KABUL, Afghanistan – A US air strike killed 5 Afghan policemen during a joint operation against insurgents, officials said Thursday, August 1, in an incident likely to further strain ties between the allies.

Afghan and US troops called for aerial support while fighting in the eastern province of Nangarhar, the US-led NATO coalition said, with local officials reporting special forces were reacting to a Taliban attack on a police post.

“We can confirm 5 Afghan police were accidently killed yesterday (Wednesday),” Lieutenant Colonel Will Griffin, a spokesman for NATO’s International Security Assistance Force (ISAF), told AFP.

“It was a combined ANSF (Afghan National Security Force) and ISAF operation and it was a combined call for supporting aerial fire which resulted in the deaths of 5 Afghan policemen.

“Our condolences go out to the families of the policemen who lost their lives.”

Accidental casualties from US air strikes have often provoked a furious reaction from Afghan President Hamid Karzai, and the deaths of the 5 policemen come at a sensitive time for Afghan-US relations.

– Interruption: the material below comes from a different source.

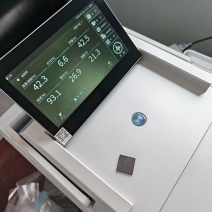 精品粮高出油率油菜籽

With the US-led coalition due to withdraw its 100,000 combat troops by the end of 2014, the Afghan police and army are increasingly taking responsibility for tackling the insurgency that erupted after the Taliban were ousted in 2001.

Ahmad Zia Abdulzai, spokesman for the Nangarhar provincial administration, told AFP that Taliban fighters had attacked a police checkpoint in Bati Kot district late on Wednesday.

“Special forces went to assist the police. They called in air support. An air strike was conducted but hit the police post mistakenly, and as a result the officers are dead and two others are wounded.”

Abdulzai said that the rebels also suffered casualties but he gave no further details.

Bati Kot district is on the main road from the capital Kabul to neighbouring Pakistan — a key transport route as NATO forces withdraw military equipment from Afghanistan.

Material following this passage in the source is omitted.